WITH the dust finally settled after the pullout of one Australian university from Singapore last year, another one is making an attempt to set up a campus here.
This time, it is the Curtin University of Technology. It will refurbish the former Institute of Technical Education campus in Jalan Rajah, Balestier, and start undergraduate courses before the end of the year.
The university, whose main campus is in Perth, will offer business degrees when courses start in end-November and eventually expand to include mass communications, nursing, engineering and design modules.
It will be the university's second campus outside Australia, after Sarawak in Malaysia.
Curtin's Vice-Chancellor, Professor Jeanette Hacket, told The Straits Times yesterday that the university's priority is to ensure that academic standards are maintained.
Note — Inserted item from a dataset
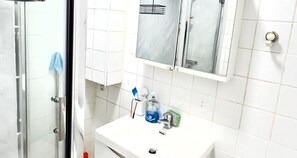 Een douche, handdoeken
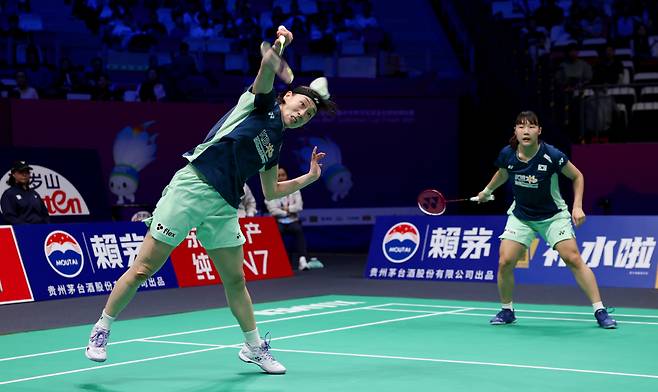 (250430) -- XIAMEN, April 30, 2025 (Xinhua) -- Baek Ha Na/Lee So Hee (L) of South Korea compete in the women's doubles match against Hsieh Pei Shan/Hung En-Tzu of Chinese Taipei during the Group B match between South Korea and Chinese Taipei at BWF Sudirman Cup in Xiamen, southeast China's Fujian Province, April 30, 2025. (Xinhua/Wang Kaiyan)<저작권자(c) 연합뉴스, 무단 전재-재배포, AI 학습 및 활용 금지>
It will station a pro vice-chancellor from the university to do the job here, she added.
'We have a very strict policy on how our courses are conducted, the recruitment of staff, ensuring they get the training needed, and criteria for selection of students,' she said.
Curtin will be one of the few foreign universities offering degrees in Singapore that will also have its own campus here - a tack which the University of New South Wales (UNSW) had attempted to take.
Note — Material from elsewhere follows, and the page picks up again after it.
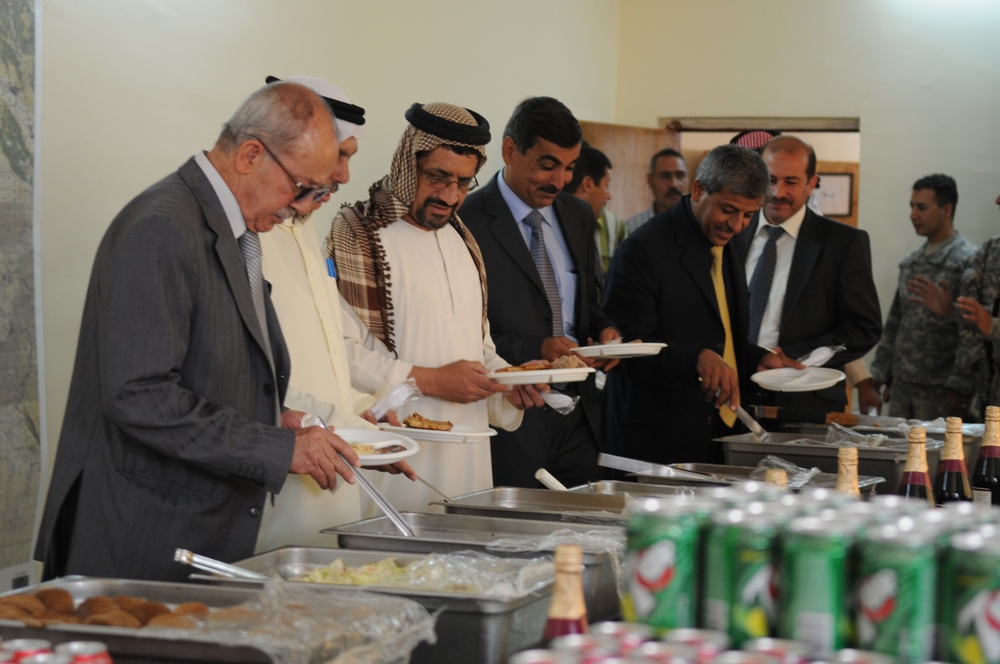 Council meeting in Tikrit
Unlike that ill-fated venture, Curtin will be financed to the tune of $40 million by global education services company Navitas, which is listed on the Australian stock exchange. The funds will go towards the campus lease, its refurbishment and the start-up cost.
UNSW had pulled out of Singapore last May because of lower-than-expected enrolment and financial risks involved in continuing the venture. It had received $17.3 million in grants and $15 million in loans from the Singapore Government.
But unlike UNSW, Curtin's Singapore campus does not get funding from the Singapore Government. It is funded entirely by Navitas, which manages 16,000 students in 28 colleges in seven countries.
Asked if UNSW's withdrawal was a deterrent to the venture, Mr Rod Jones, executive director of Navitas, said the projects were different. 'UNSW Singapore was a research-intensive university which is expensive to maintain, whereas Curtin will focus on teaching and learning,' he said.
Mr Jones is confident the Curtin campus will attract students from around the region, for instance, India, China, Vietnam and Thailand.
He said: 'There is a shortage of higher education opportunities for students in the region and this provides a good opportunity for them.'
Curtin already has a presence in Singapore, with 900 students studying in its programmes at three institutes: the Singapore Human Resources Institute, Marketing Institute of Singapore and the Singapore Institute of Materials Management.
The plan is for these students to relocate to the new Balestier campus.